マッチやライターなど手軽な発火装置が一般化するまで、火縄は火種を保存し運搬するための重要な手段だった。
勿論、火縄銃の発火装置は火縄を使った。火縄銃は火縄が燃え尽きて、火薬に着火して発射されると誤解している人が多い。火縄銃には引き金、バネ、ハンマーなど、一般の銃砲が備えている発火装置があり、
ハンマー(火鋏と言う)の先に燃えている火縄が装着され、引き金を引くと、火鋏がバネの力で落ち、火薬に発火させる。何かの拍子に一瞬でも遅れると、命中しない。

画像は江戸時代から明治まで、火種を保存しながら持ち歩くためににも使われた火縄だ。
火縄銃に使われたものは、巻いてある方式、切ってある方式、2種類あった。切ったものは5cmくらいで発射するとどこかに飛んで行ったのので、何本も用意してあった。

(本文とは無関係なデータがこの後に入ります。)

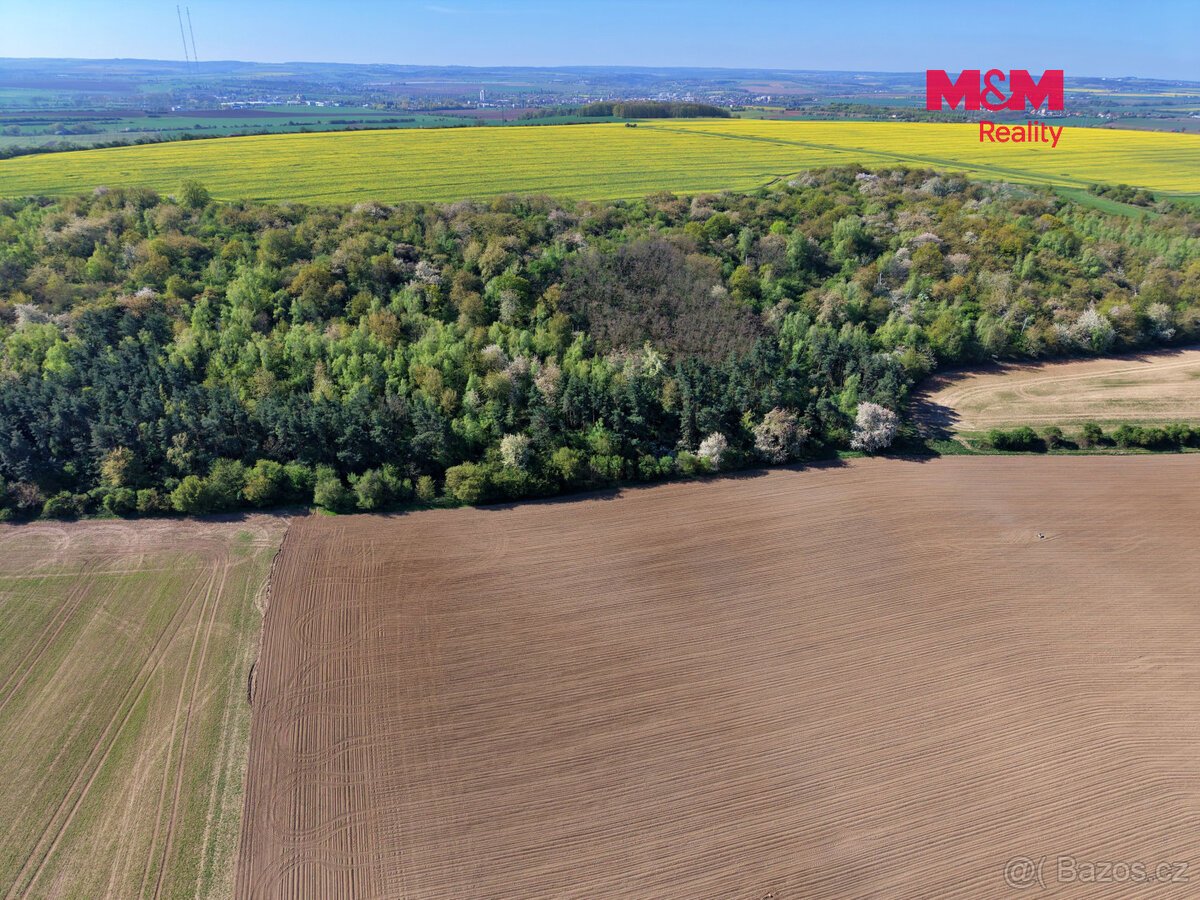 Prodej lesa, 5857 m², Kounice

火縄は大体直径が1cm未満で、木綿、竹などの繊維を固く編んである。硝石を溶かした水で煮て、更に
着色してあるものもある。着色は硝石の量を、晴天用、雨天用など使用目的を区別した。
大体が藍染めだ。
一時間で30cmくらい燃えてしまう。従って相当長いものを巻いて使用した。

夜間、この火縄の明かりだけで闇夜を歩いたと言う。火を火打ち石、火打ち金、ほくちなどを使い、起こすのは、空気が乾燥していても大変難しい。
従って、家庭では囲炉裏の火を絶やすことなく燃やしていたし、火縄は様々な目的に使われた。

現在、タイムマシンで100年以上の過去に戻れるなら、ポケットに100円ライター(今は100円なら3個は買えるが)を一杯詰めて行けば、大金持ちになれることは確実だ。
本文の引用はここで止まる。